Start of Entries shown

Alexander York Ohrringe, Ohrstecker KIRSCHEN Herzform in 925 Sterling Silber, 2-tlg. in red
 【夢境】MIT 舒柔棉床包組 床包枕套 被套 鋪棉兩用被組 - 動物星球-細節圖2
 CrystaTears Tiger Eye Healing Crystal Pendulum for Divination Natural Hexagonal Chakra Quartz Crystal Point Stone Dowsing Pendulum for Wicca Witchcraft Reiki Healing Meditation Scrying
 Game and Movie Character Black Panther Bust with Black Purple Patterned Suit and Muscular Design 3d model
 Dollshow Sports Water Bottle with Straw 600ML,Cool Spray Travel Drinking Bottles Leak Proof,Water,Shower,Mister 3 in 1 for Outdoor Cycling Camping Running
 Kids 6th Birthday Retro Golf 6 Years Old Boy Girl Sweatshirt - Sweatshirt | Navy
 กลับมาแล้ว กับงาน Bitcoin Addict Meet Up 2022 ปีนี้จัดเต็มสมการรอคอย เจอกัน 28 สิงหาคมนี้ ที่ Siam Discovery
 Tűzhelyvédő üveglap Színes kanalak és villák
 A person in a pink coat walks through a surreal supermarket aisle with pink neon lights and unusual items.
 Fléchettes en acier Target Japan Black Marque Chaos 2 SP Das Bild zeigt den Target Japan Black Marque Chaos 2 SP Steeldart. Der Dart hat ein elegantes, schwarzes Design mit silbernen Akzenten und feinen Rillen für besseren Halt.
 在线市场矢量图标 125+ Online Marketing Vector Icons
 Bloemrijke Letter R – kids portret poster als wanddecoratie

End of Entries shown

What you will do |
Every line containing the word "Black" must be copied from the material above.

Solution for this task |
 Game and Movie Character Black Panther Bust with Black Purple Patterned Suit and Muscular Design 3d model
 Fléchettes en acier Target Japan Black Marque Chaos 2 SP Das Bild zeigt den Target Japan Black Marque Chaos 2 SP Steeldart. Der Dart hat ein elegantes, schwarzes Design mit silbernen Akzenten und feinen Rillen für besseren Halt.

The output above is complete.